Annotation Queues¶
An Annotation Queue is the central object in the annotations system. It defines what to review (the items), how to review it (the schema), who reviews it (the assignees), and how many reviews each item needs.
Annotation Schema¶
Before creating a queue, you need to decide what fields reviewers will fill in. These fields are defined as part of the queue's schema.
Field Types¶
| Type | Description | Options |
|---|---|---|
| integer | Whole number input | Optional min/max constraints |
| float | Decimal number input | Optional min/max constraints |
| string | Free-text input | Optional max length |
| choices | Dropdown with predefined options | List of allowed values (required) |
Each field has a name and an optional description to guide reviewers.
Example schema:
| Field Name | Type | Description |
|---|---|---|
helpfulness |
integer (1–5) | How helpful was the assistant's response? |
tone |
choices (professional, neutral, inappropriate) | Describe the tone of the conversation |
notes |
string | Any additional observations |
Creating a Queue¶
Navigate to Annotation Queues in the left sidebar and click New Queue.
| Field | Description |
|---|---|
| Name | Unique name for this queue within your team |
| Description | Optional context for reviewers |
| Schema | Add one or more annotation fields (see above) |
| Assignees | Team members who will review items in this queue |
| Reviews required | Number of independent reviews needed per item (1–10, default: 1) |
Multiple reviews
Setting Reviews required to more than 1 is useful when you want multiple reviewers to independently annotate the same item — for example, to measure inter-rater agreement or to get a consensus rating. An item is marked Completed only when it has received the required number of reviews.
Queue Status¶
| Status | Meaning |
|---|---|
| Active | Open for annotation |
| Paused | Temporarily closed; reviewers cannot submit new annotations |
| Completed | All items have been reviewed |
| Archived | Queue is closed and no longer active |
Adding Items¶
Items can be added to a queue in three ways.
1. Session Selector¶
From the queue detail page, click Add Sessions. This opens a filterable table of experiment sessions. You can then choose how many sessions to add:
| Mode | Description |
|---|---|
| Selected only (default) | Add only the sessions you've checked |
| All matching filters | Add every session matching the current filter criteria |
| Sample | Add a random percentage of sessions matching the current filters |
Note
A confirmation prompt is shown for bulk operations (all matching, or large samples).
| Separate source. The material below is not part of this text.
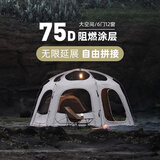 vidalido维达利多帐篷户外山脊六角多人客厅帐户外露营车尾焚火防寒防雨 【单帐篷】山脊焚火帐|白灰色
Sessions that are already in the queue are excluded from the selector.
2. Import from Evaluations Dataset¶
Click Import from Dataset on the queue detail page to add sessions from an existing evaluations dataset. This is useful when you want to annotate the same set of sessions you used for automated evaluations.
3. From a Session Detail Page¶
On any session detail page, use the Add to Queue button to add that session directly to one or more annotation queues.
Monitoring Progress¶
The queue detail page shows a progress summary:
- Total items in the queue
- Completed items (reached required number of reviews; for multi-reviewer queues, an authoritative annotation has also been selected)
- Flagged items
- Overall review progress as a percentage (reviews done / reviews needed)
For multi-reviewer queues, the summary also surfaces two additional counts:
- Resolved — items that have an authoritative annotation, shown as
X / N items resolved - Awaiting resolution — items where all required reviews are in but no authoritative annotation has been selected yet (see Resolving Multi-Reviewer Conflicts)
Aggregate Scores¶
After annotations are submitted, aggregate scores are automatically computed and displayed on the queue detail page.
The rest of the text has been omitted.